→ WORK INSTRUCTIONS: Nothing but the lines below from the first through the one with "Un comedor con" should appear, printed exactly; please leave pictures out.

→ DATA FOR THIS TASK:
╭──
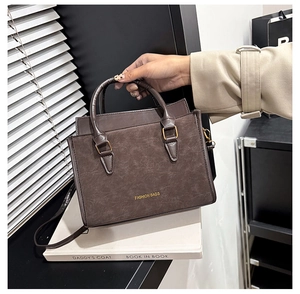 Gros plan détaillé d'un sac cabas vintage marron foncé avec cuir synthétique texturé et doré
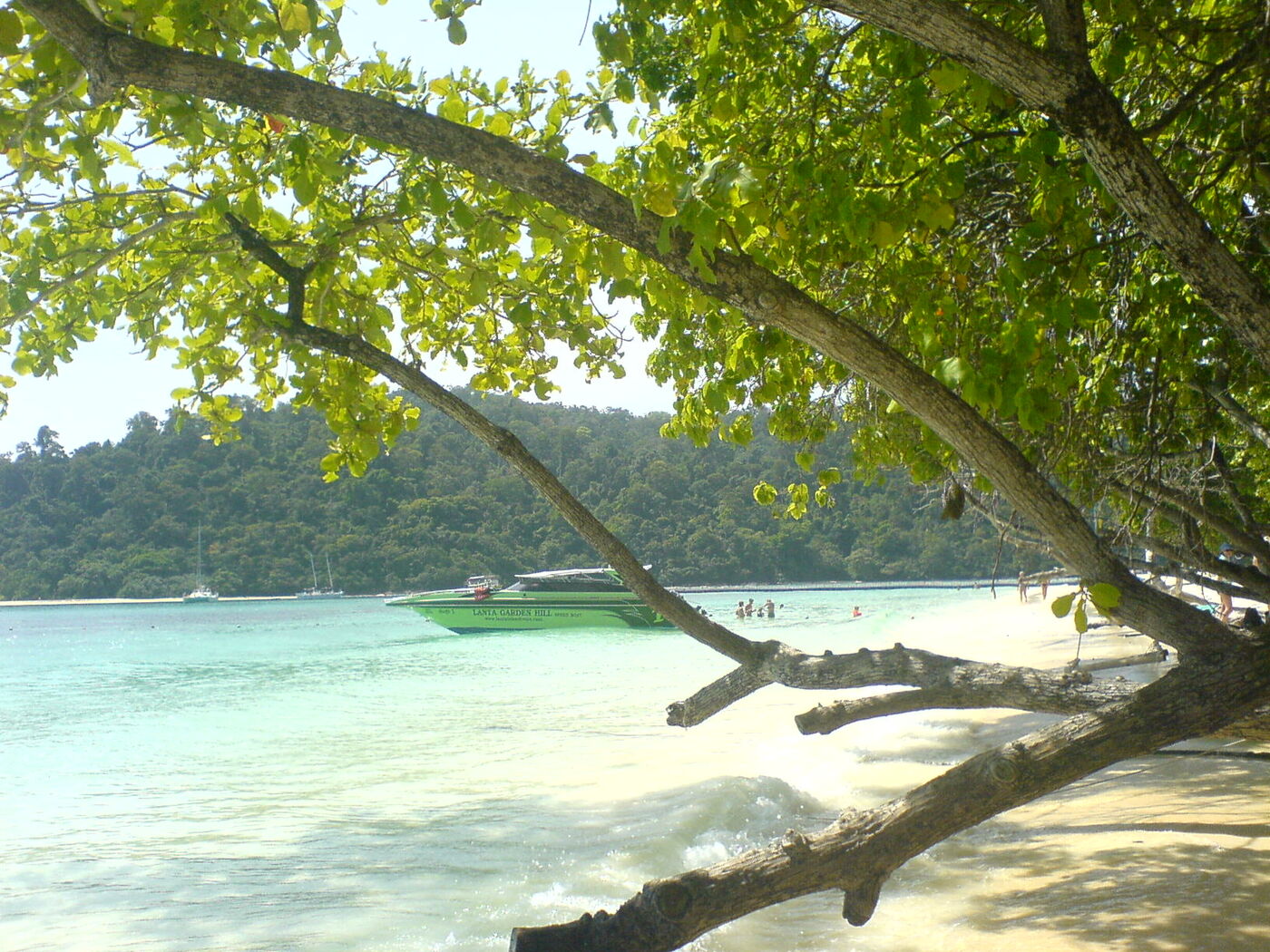 Turquoise shallows and a tour boat at Koh Rok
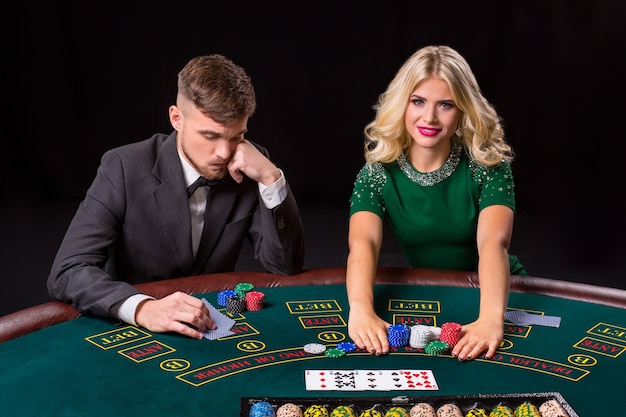 Pareja jugando al póquer en la mesa verde. La chica rubia y un chico de traje. fichas de apuestas con todo incluido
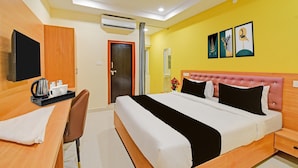A hotel room with a bed, bedside table, chair, desk with a kettle and cups, a TV, and artwork on the wall. - Townhouse Mindspace Road Gachibowli (Hyderabad)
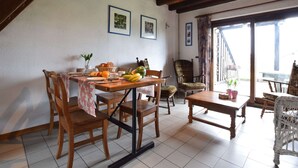 Un comedor con una mesa y sillas de madera, una planta en maceta y vistas al exterior.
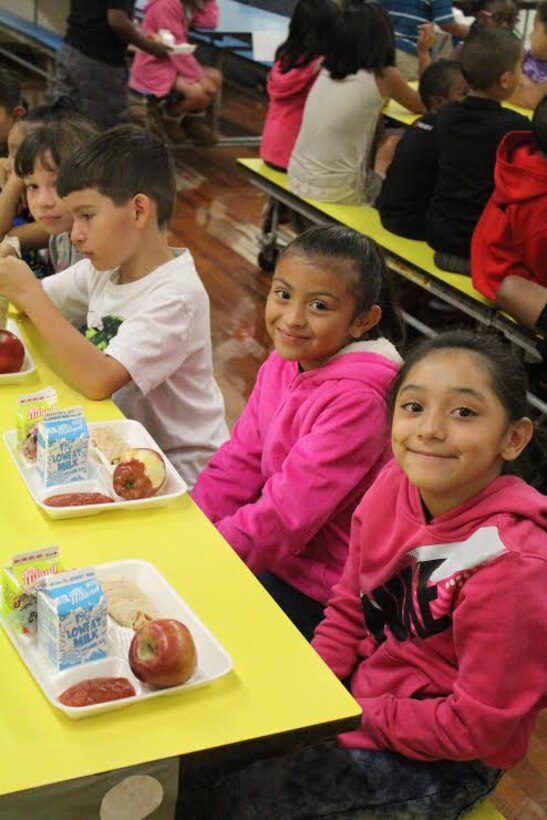Students at Eugene Field Elementary School in Oklahoma enjoy a nutritious meal during their five-week summer school program. DLA Troop Support's Subsistence supply chain provides produce to schools in 48 states in partnership with the U.S Department of Agriculture.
╰──
→ WORKED SOLUTION:
 Gros plan détaillé d'un sac cabas vintage marron foncé avec cuir synthétique texturé et doré
 Turquoise shallows and a tour boat at Koh Rok
 Pareja jugando al póquer en la mesa verde. La chica rubia y un chico de traje. fichas de apuestas con todo incluido
A hotel room with a bed, bedside table, chair, desk with a kettle and cups, a TV, and artwork on the wall. - Townhouse Mindspace Road Gachibowli (Hyderabad)
 Un comedor con una mesa y sillas de madera, una planta en maceta y vistas al exterior.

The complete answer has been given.